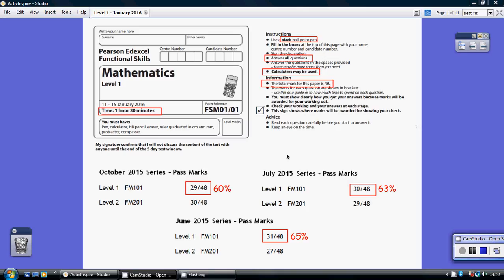Now, I didn't have the most up-to-date pass marks, but just looking back at the general trend, it seems to be about 29, 30, 31 out of 48. So you've got to get around 60, 65% of it right. So don't panic if you get a few wrong. You can afford to get 15, 20 marks wrong and still pass.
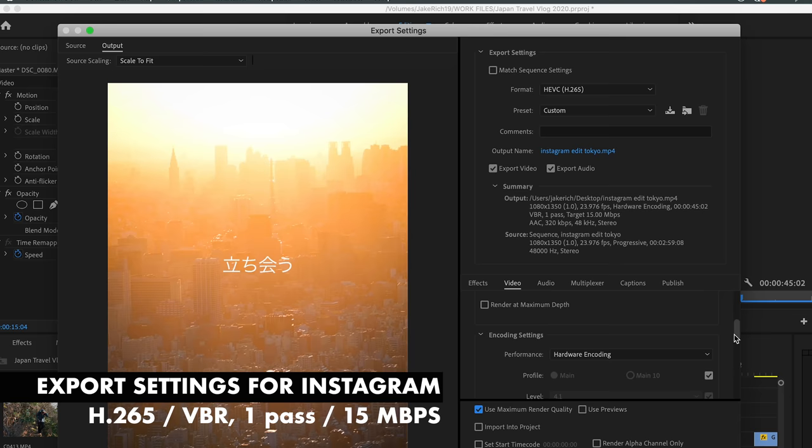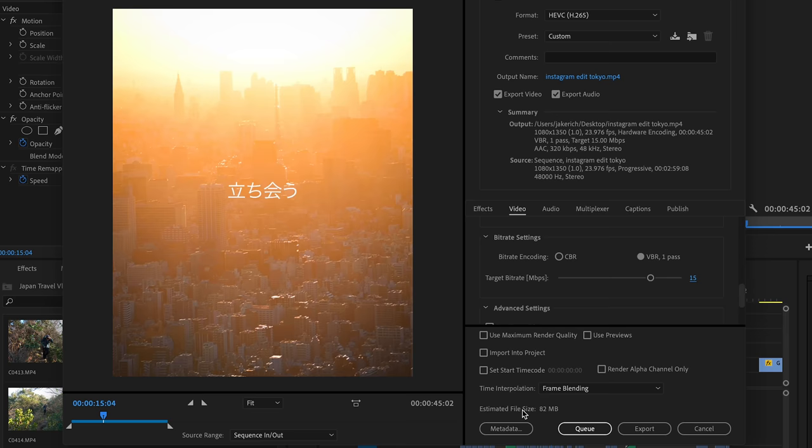My preferred export settings for Instagram when using Adobe Premiere Pro are: H.265 as the video codec, VBR 1-pass, and a bitrate of 15. For Adobe Premiere Rush, I just select the highest 4K export, transfer that 4K video onto my phone, and upload it to Instagram. For short 15 to 30 second videos, my smartphone is well capable of handling the transfer. Check the size of the clip you're exporting — if it's under 150 megabytes, you're fine for Instagram.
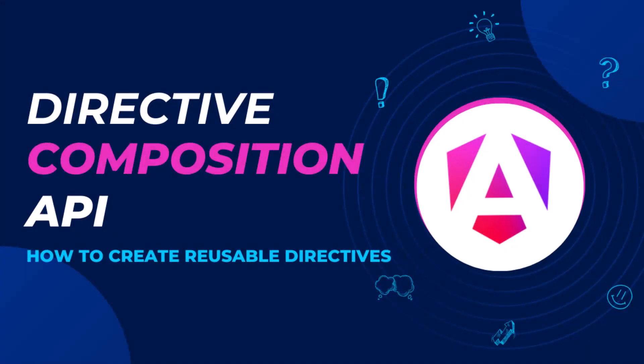Hi friends. Directive Composition API. Another cool feature introduced in Angular 15. That is what I am going to explain in this video using an example.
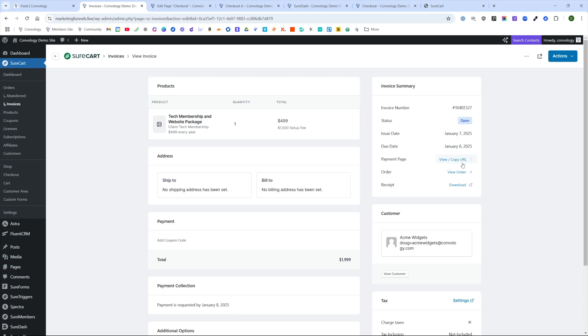You can also do some other things. Let's say that you created this invoice, but you were at a trade show or something and you wanted to mark this as paid. So maybe they just cut you a check on the spot or they sent you an ACH payment, however they wanted to do it.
---
Task directions
Could you give the listing again exactly as it stands, minus any pictures?

Written answer
Now, I didn't have the most up-to-date pass marks, but just looking back at the general trend, it seems to be about 29, 30, 31 out of 48. So you've got to get around 60, 65% of it right. So don't panic if you get a few wrong. You can afford to get 15, 20 marks wrong and still pass.
My preferred export settings for Instagram when using Adobe Premiere Pro are: H.265 as the video codec, VBR 1-pass, and a bitrate of 15. For Adobe Premiere Rush, I just select the highest 4K export, transfer that 4K video onto my phone, and upload it to Instagram. For short 15 to 30 second videos, my smartphone is well capable of handling the transfer. Check the size of the clip you're exporting — if it's under 150 megabytes, you're fine for Instagram.
Hi friends. Directive Composition API. Another cool feature introduced in Angular 15. That is what I am going to explain in this video using an example.
You can also do some other things. Let's say that you created this invoice, but you were at a trade show or something and you wanted to mark this as paid. So maybe they just cut you a check on the spot or they sent you an ACH payment, however they wanted to do it.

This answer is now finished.